Daniele Scalea, Direttore generale dell’Isag (Istituto di alti studi in geopolitica e scienze ausiliarie), è intervenuto ai microfoni della trasmissione “Il mondo è piccolo”, condotta da Fabio Stefanelli su Radio Cusano Campus, emittente dell’Università Niccolò Cusano per parlare degli attentati di Bruxelles.
“Abbiamo chiuso gli occhi su quelle periferie dove l’Islam radicava il suo aspetto più violento -ha affermato Scalea in merito agli attacchi nella capitale belga-. In nome del multiculturalismo e della tolleranza verso l’altro, valori senza dubbio positivi, siamo arrivati a distorcere la realtà sotto ai nostri occhi. Di fronte all’emergere del terrorismo nel mondo islamico, si è teso a considerare inaccettabili i messaggi di quelli che denunciavano il problema, volendo credere che si trattasse solo di un piccolo manipolo di fanatici in terre lontane e che l’estremismo non potesse trovare terreno fertile in Europa”.
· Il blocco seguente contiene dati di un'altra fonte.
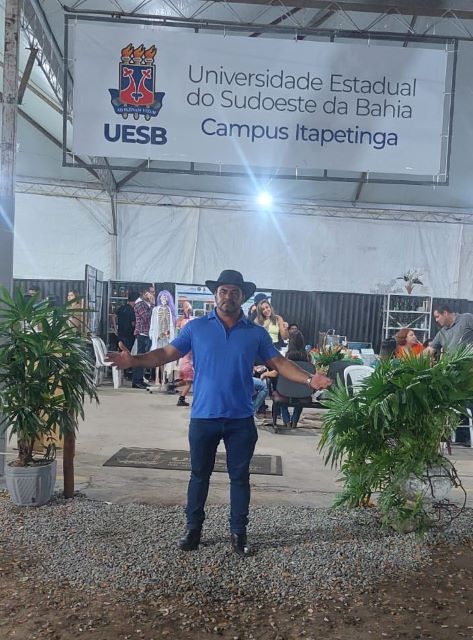 Silvio Treinador: Uma Visita Marcante à 52ª Exposição Agropecuária de Itapetinga e Participação Ativa em Curso da UESB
“Nei paesi islamici -ha aggiunto Scalea-, chi ha una visione radicale, oltre a non distinguersi troppo dal resto della società e a sentirsi per questo meno alienato, si impegna maggiormente in una chiave politica magari anche clandestina e violenta, però interna al Paese. Da noi invece il radicalizzato tende ad avere una prima fase in cui lascia il suo Paese e va a combattere laddove vede la terra del suo ideale, come Siria e Iraq, e poi vi fa ritorno per colpire che considera nemico. La presenza dell’Isis e dei suoi campi d’addestramento dà una dimensione di professionismo al tutto. Ma la base che permette però allo Stato Islamico di agire in Europa è il consenso che in termini assoluti è sufficiente a fare danni enormi. E questo consenso poggia ovviamente sul disagio sociale. Si tende a diventare più estremisti e più nichilisti quanto meno si ha da perdere”.
“Nel caso dell’Italia non abbiamo gli stessi fattori di rischio rispetto a Paesi come Francia e Gran Bretagna -ha spiegato Scalea-. Quello che sfugge è che non sempre i fiancheggiatori dei terroristi sono dei fanatici dell’Isis, anzi a volte sono persone che lo disprezzano e lo odiano. Ma in alcuni casi entra in gioco un legame familiare che c’è nelle società di origine che, a differenza della nostra società, è rimasto molto forte e nel momento dell’emigrazione è diventato ancora più solido, perchè è diventata più forte la necessità di appoggiarsi l’uno con l’altro. Poi c’è anche una dimensione di persone che, pur non essendo estremiste, si sentono più vicine all’Isis piuttosto che ai governi laici dei Paesi europei. Questo fa sì che pur sapendo che i terroristi stanno facendo qualcosa di sbagliato, non hanno la volontà di collaborare con le forze dell’ordine per fermarli”.